Highly Accelerated 3D TOF MRA using Deep Learning Reconstruction with Raw K-space Simulation

Hao Li1, Mark Chiew2,3, Iulius Dragonu4, Peter Jezzard1, and Thomas Okell1
1Wellcome Centre for Integrative Neuroimaging, FMRIB, Nuffield Department of Clinical Neurosciences, University of Oxford, Oxford, United Kingdom, 2Physical Sciences, Sunnybrook Research Institute, Toronto, ON, Canada, 3Department of Medical Biophysics, University of Toronto, Toronto, ON, Canada, 4Research & Collaborations GB&I, Siemens Healthcare Ltd, Camberley, United Kingdom

Synopsis

Keywords: Blood Vessels, Vascular, MRA, Time-of-Flight Angiography

Motivation: 3D-TOF-MRA suffers from long scan times that increase motion artifacts, limiting its resolution and clinical applicability. Although deep learning (DL) reconstruction shows promise for acceleration, large 3D-TOF-MRA k-space datasets for training are generally unavailable.

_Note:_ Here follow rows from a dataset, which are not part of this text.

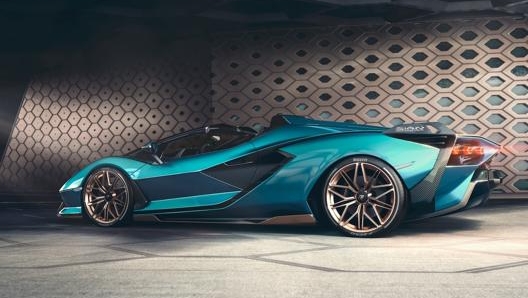 La livrea “blu uranus” creata ad hoc dal Centro stile Lamborghini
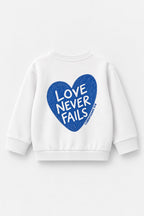 Kinder-Sweater „Love never fails (Herz)“ in Weiß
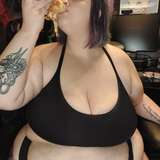 gothiccc_goddess_feedee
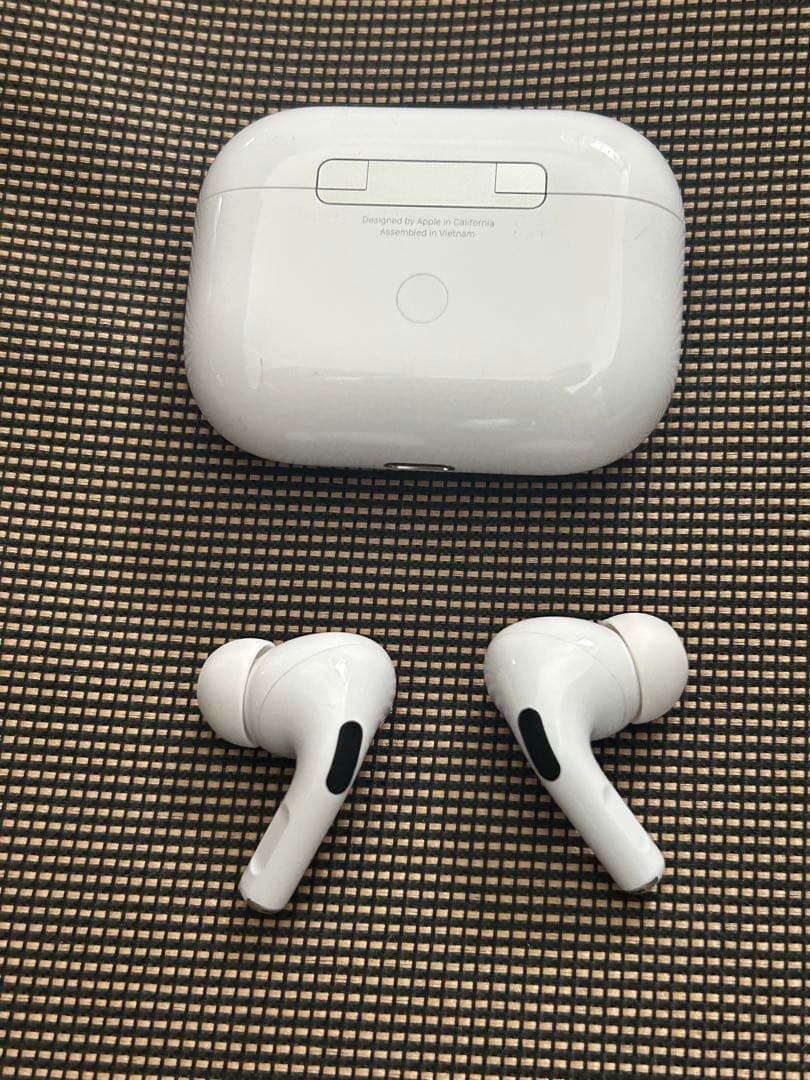 AirPods Pro 第1世代 MLWK3J/A 正規品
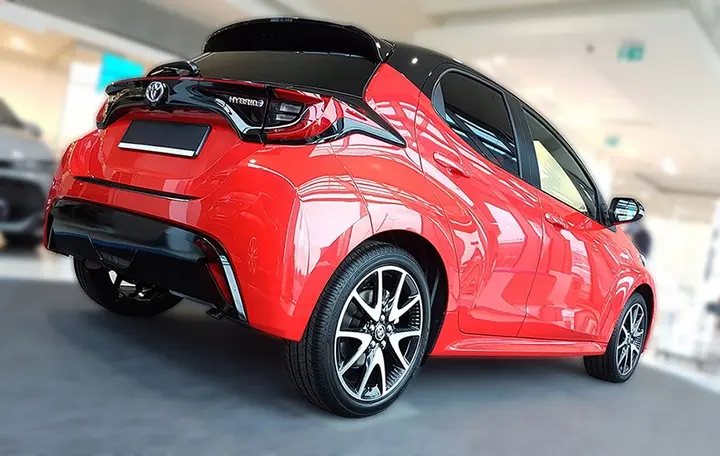 Bakfangerbeskytter Toyota Yaris IV 2020 -> Black Edition – bilde 9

Goal(s): To develop a DL-based reconstruction method that enables highly accelerated 3D-TOF-MRA using publicly available data for training.

Approach: We simulated complex-valued multi-coil k-space from the IXI magnitude dataset and used a customized 3D variational network with architectural and data-handling improvements designed for 3D-TOF-MRA.

Results: The proposed method demonstrated superior reconstruction results on in vivo data over existing methods, preserving most fine vessels with minimal artifacts with 8-fold acceleration.

Impact: The proposed method shows promise for highly accelerating 3D-TOF-MRA due to its superior performance. Overcoming data scarcity, this approach holds the potential for advancing research and clinical applications of high-resolution whole-head 3D-TOF-MRA imaging, enhancing cerebrovascular diagnostics.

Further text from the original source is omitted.